Moving Current recruited about a dozen senior citizens, many of whom had little modern dance experience, to perform in its season-ending concert.

By MARTY CLEAR
Published May 13, 2004

TAMPA - Every year, Moving Current ends its dance season with a concert called New Grounds that showcases promising choreographers. In the past, the choreographers have been young, most of them just out of college.

This year is an exception. Despite plenty of 20-something artists, the average age of the dancers and choreographers in this weekend's New Grounds concert pushed well upward, thanks to Forever Moving, a group formed last September by Lynn Norton, the director of education for the Arts Council of Hillsborough County.

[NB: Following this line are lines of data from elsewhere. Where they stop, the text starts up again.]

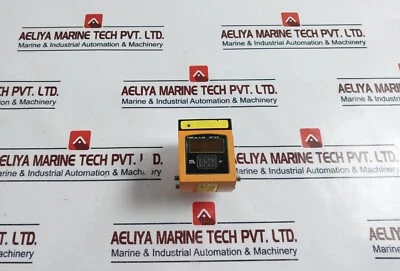 IFM O1D100 Photoelectric Distance Sensor 18…30vdc 200ma - Image 1 of 4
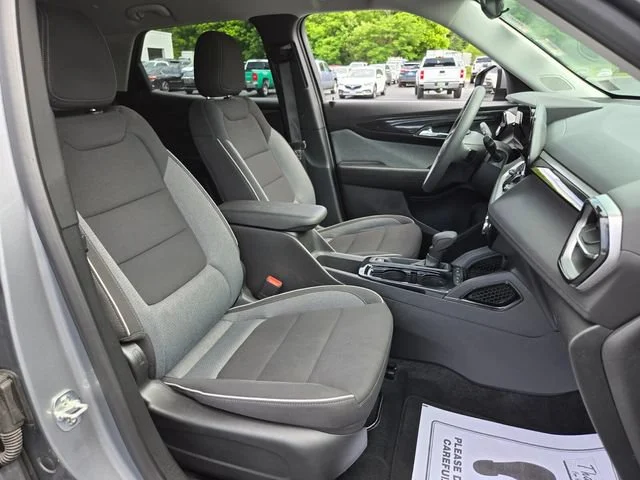 Used 2025 Sterling Gray Metallic Chevrolet LT image 21
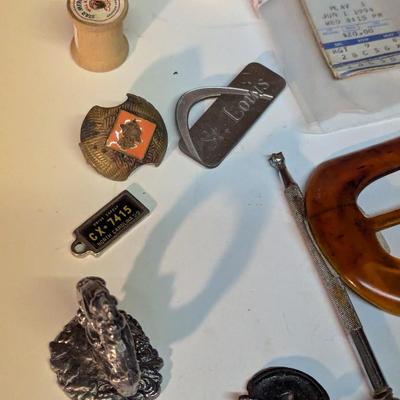 Antique Collector Items Fighting Gamecocks Coin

Norton enlisted about a dozen seniors through the Life Enrichment Center, a multipurpose facility for active older people in North Tampa.

"Only one or two of them had any experience with dance at all," Norton said. "Most of them thought they were coming to a country line-dancing class or something. A couple of them dropped out after they found out what it was really about."

The remaining members, some in their late 70s, proved dedicated and talented.

This weekend will be their first time on a professional stage. They'll appear, along with Moving Current dancers and high school dance students, in the opening piece.

"It's called Trouble Shooting, and it deals with the complexities of life and the different ways we cope and deal with them," said Erin Cardinal, a Moving Current founder and co-director.

The piece, which incorporates original music and text, was coordinated by Moving Current's Cynthia Hennessy, another founder and co-director of the collective. But it was developed largely through improvisations, so all the members of Forever Moving had a hand in the choreography.

Moving Current, considered the bay area's finest modern dance organization, isn't putting septuagenarians on stage as a curiosity. The older dancers, Cardinal said, bring a different style of movement, and a different artistic sensibility, than younger artists. And the work is designed so that style and sensibility become integral to its artistic statement.

The rest of the nine-piece program is more in keeping with past New Grounds concerts. Most of the choreographers are either master's degree students or recent college graduates. For many, it's their first opportunity to have work performed in a professional setting.

Several young Tampa choreographers, including Kelly Rayl (a Moving Current veteran), Rosana Gonzalez Anaya, Maria Juan and Erin Taylor are among the emerging artists represented. Other choreographers are from Seattle, Gainesville, Boca Raton and Paraguay.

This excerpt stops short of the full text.